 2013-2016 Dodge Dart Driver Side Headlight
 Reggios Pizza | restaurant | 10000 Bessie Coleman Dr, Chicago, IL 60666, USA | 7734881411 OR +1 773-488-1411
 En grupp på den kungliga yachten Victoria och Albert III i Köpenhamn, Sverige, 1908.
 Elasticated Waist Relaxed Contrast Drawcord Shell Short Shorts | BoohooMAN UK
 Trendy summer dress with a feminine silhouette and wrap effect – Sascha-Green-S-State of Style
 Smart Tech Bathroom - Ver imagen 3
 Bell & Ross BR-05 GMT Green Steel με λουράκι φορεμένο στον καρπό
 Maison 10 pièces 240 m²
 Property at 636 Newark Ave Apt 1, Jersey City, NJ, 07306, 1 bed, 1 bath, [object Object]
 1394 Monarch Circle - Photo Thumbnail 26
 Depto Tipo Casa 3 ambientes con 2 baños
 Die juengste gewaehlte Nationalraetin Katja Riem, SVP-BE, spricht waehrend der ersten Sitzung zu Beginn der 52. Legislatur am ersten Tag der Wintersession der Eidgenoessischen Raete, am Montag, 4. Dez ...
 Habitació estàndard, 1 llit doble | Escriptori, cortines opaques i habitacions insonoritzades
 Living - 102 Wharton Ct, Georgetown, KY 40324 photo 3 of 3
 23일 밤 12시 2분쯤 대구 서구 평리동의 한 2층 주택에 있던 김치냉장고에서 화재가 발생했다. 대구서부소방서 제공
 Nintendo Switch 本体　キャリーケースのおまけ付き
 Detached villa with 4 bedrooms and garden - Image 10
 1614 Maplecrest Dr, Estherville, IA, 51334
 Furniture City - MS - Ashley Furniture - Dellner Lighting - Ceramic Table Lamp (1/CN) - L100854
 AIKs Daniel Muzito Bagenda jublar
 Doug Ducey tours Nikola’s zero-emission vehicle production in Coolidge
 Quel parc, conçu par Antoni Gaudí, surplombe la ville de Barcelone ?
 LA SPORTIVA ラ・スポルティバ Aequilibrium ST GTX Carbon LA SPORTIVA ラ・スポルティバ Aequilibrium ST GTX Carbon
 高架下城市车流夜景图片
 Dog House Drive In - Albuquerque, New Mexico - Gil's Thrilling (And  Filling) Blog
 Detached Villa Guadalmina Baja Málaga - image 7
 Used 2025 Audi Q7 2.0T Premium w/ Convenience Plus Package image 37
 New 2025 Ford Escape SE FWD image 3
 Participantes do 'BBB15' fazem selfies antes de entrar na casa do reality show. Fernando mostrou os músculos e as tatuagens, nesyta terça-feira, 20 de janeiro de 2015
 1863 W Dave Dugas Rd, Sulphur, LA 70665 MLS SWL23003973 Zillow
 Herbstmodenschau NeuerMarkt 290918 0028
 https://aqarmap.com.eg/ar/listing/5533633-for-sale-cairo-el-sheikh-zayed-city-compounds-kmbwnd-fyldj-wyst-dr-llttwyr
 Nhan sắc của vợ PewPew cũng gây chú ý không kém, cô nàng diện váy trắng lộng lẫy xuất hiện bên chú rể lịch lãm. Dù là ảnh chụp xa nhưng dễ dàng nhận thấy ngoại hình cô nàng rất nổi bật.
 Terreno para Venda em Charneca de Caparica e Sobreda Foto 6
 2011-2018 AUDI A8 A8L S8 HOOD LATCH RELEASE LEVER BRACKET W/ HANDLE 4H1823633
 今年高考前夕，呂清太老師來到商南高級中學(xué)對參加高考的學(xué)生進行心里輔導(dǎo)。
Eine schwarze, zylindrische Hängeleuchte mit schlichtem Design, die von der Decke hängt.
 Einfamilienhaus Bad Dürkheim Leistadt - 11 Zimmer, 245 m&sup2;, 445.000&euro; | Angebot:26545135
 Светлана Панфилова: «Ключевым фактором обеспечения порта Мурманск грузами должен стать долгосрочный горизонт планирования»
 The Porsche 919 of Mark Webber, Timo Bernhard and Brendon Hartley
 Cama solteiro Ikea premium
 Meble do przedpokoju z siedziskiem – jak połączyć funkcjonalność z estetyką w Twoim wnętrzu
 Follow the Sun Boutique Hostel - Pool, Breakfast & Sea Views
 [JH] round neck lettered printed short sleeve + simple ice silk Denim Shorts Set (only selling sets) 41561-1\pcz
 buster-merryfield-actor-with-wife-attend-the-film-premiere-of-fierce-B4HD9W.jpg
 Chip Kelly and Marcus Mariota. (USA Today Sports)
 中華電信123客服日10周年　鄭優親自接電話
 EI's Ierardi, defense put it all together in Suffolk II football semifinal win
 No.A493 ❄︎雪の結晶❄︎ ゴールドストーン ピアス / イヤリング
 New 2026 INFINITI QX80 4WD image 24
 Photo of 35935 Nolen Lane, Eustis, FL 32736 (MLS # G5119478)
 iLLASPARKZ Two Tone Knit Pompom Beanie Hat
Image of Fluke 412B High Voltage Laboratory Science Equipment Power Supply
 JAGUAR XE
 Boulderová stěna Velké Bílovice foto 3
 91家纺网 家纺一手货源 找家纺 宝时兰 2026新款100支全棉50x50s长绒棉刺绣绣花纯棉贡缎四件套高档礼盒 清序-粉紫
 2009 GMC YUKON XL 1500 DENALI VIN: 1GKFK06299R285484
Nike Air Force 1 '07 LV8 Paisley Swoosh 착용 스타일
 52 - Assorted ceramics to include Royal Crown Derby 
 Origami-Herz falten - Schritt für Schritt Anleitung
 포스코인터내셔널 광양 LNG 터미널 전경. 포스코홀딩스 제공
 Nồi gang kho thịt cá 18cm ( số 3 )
• • • •
Work request
Start with the line above that contains "Furniture City - MS" and end with the line that contains "LA SPORTIVA ラ・スポルティバ Aequilibrium ST GTX Carbon LA". Write out those lines exactly, and only those.

Output of the exercise
 Furniture City - MS - Ashley Furniture - Dellner Lighting - Ceramic Table Lamp (1/CN) - L100854
 AIKs Daniel Muzito Bagenda jublar
 Doug Ducey tours Nikola’s zero-emission vehicle production in Coolidge
 Quel parc, conçu par Antoni Gaudí, surplombe la ville de Barcelone ?
 LA SPORTIVA ラ・スポルティバ Aequilibrium ST GTX Carbon LA SPORTIVA ラ・スポルティバ Aequilibrium ST GTX Carbon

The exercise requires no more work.